For starters, the weather, with the temperatures in the 30s and partly cloudy, partly blue skies, was just about perfect. Last year, the thermometer barely got over 8 degrees (which makes a difference when there’s a four-hour set-up period preceding the start).
But the fish were a different story this year in a big way. Last year, only five fish were weighed in – the winning entry a 16-pound smallmouth buffalo, a rough fish – meaning that most of the 50 prizes, including three Ice Castle wheel houses, had to be drawn for at the conclusion of the tournament.
This year, there were more than 100 fish entered in the contest in the first hour alone, with cheers erupting frequently from the tournament field that was double the size of last year. About 1.2 square miles of ice had been Swiss-cheesed with more than 7,000 holes the night before by local volunteer fire departments, according to Chad Hepler, of Ice Castle.

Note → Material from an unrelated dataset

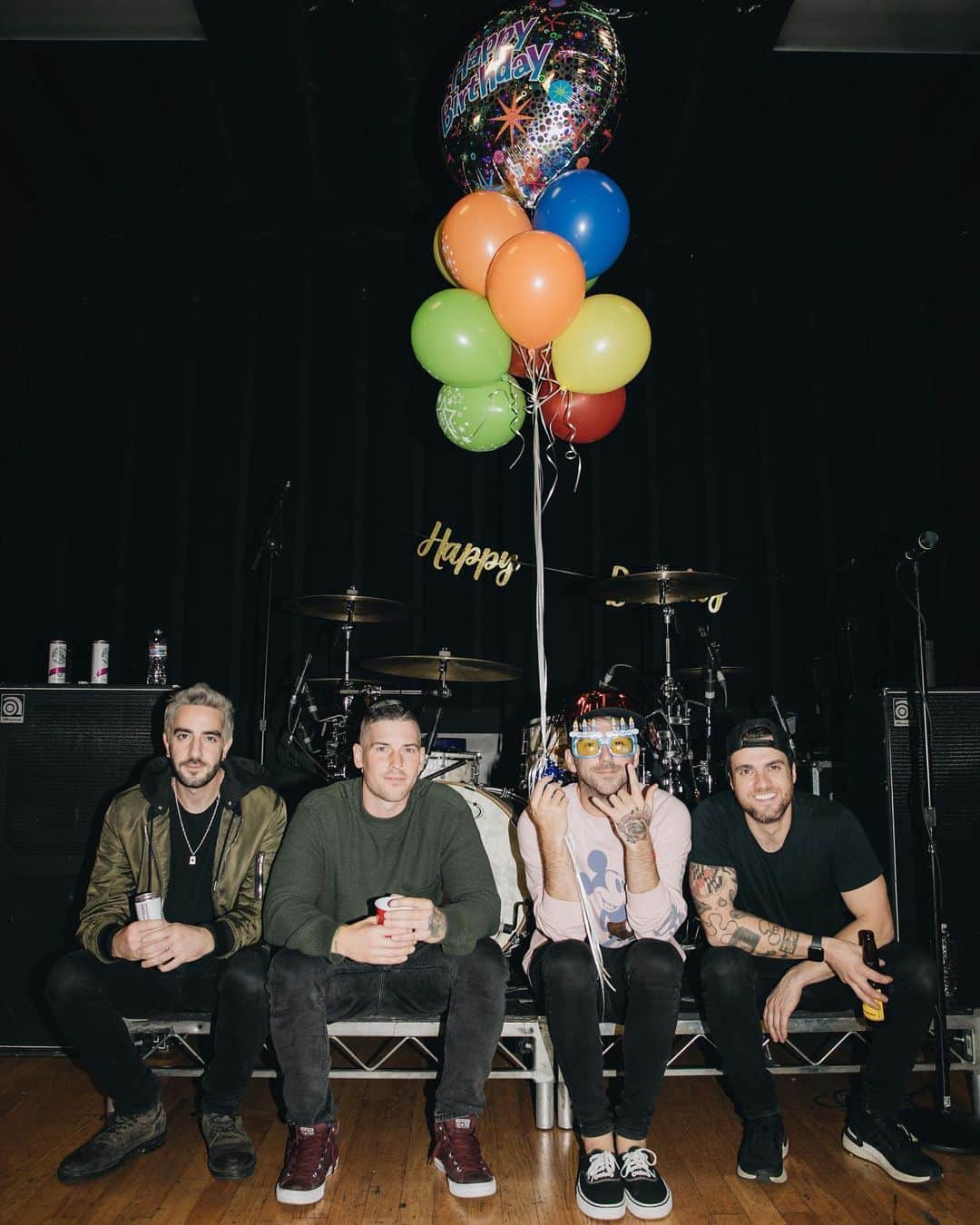 リアン・ドーソンのインスタグラム：「Nothing Personal show 1 in the books! Thanks for bringing renewed life to all of these jammies. Now pretend like these balloons are for a 10 year anniversary and not alex’s birthday.」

In total, there were 122 fish weighed in, and the weigh-in slowed down once many realized that it was going to take at least a 1-pound fish to finish in the top 50. There were 2,261 tickets sold for the tournament, but it’s unclear how many attended since anglers could fish two holes but needed a ticket per hole. Of the top 50 fish, 35 were northern pike, but also in the money were channel catfish, crappies (the largest weighed 1.72 pounds), and sheepshead. Walleyes, bullheads, yellow perch, and white bass were also caught but fell short. The last fish to score a prize was a 1.03-pound sheepshead.
“The lake redeemed itself,” Hepler said. “After we only (had) five fish last year, a lot of people anticipated we’d go into a drawing again,”
But, within the first minute, anglers were running toward the weigh-in station (ties are broken by the first fish to be weighed in), and Lucas Christians, of Montevideo, was the first to get to the weigh in with a northern pike that weighed 1.68 pounds. That left him in 25th place and the winner of a Jiffy ice auger after all was said and done.
“I had dropped my jig right after the start, gave it a few quick jigs, and a few seconds later, I had a northern through the hole,” Christians said.
But the biggest fish was caught by Eric Tolzmann, of St. Paul, who won $10,000 with the 4.12-pound northern pike he caught in the final hour of the tournament.
“I’ve never won anything before,” Tolzmann said.
Tolzmann was fishing with his son, Jerry, grandson Dalton Tolzmann, and his grandson’s girlfriend, Laura Rakow. As soon as he hooked into the fish, knowing the leader was under four pounds, Tolzmann, 69, had a good feeling about the pike, which he said he battled for under 10 minutes.
“I thought, ‘This could be it,’ ” Tolzmann said.
Tolzmann said the fish was the only one he caught all day. He landed it on 15-pound test and a 31⁄2-inch sucker minnow on a bare hook with a split shot sinker about 18 inches off the bottom in about 10 feet of water.
Tolzmann wasn’t using electronics because he didn’t think they were allowed in the tournament.
“This one I’ll remember more than any of them,” Tolzmann said, recalling that the biggest northern he’s ever caught was about 24 pounds. “And I love fishing pike and bluegills.”
Despite being beat out by Tolzmann, second-place winner Jonathan Rodriguez, of Benson, said he felt like he got the best prize. His 3.85-pound channel catfish won him the biggest and most valuable Ice Castle wheel house of the three that could be won, a 16-footer valued at about $18,000.
The catfish was the only thing he caught all day, and when it bit, he let the fish chew on his jig, which was tipped with a crappie minnow. The fish first appeared on his electronics and Rodriguez assumed it was a pike.
“I had a feeling on the drive out here today that there was going to be a lot of fish caught,” Rodriguez said, as he and friends checked out the shiny grey wheel house, almost in disbelief that it was his. “I own a homemade (fish house) and I take it out to fish all of the time. This is going to be incredible to use.”
By a shade, Rodriguez beat out Ghent’s Zach Burns, who caught a 3.65-pound catfish for third place and a 14-foot Ice Castle wheel house that excited Burns’ father, Willard, as much as anybody.
The elder Burns was fishing with his one son (his other son couldn’t make the trip), but said some years ago he had won a boat that both of his sons have used quite a bit over the years.
“So now it’s my turn to use this,” he said. “That’ll be my retirement shack.”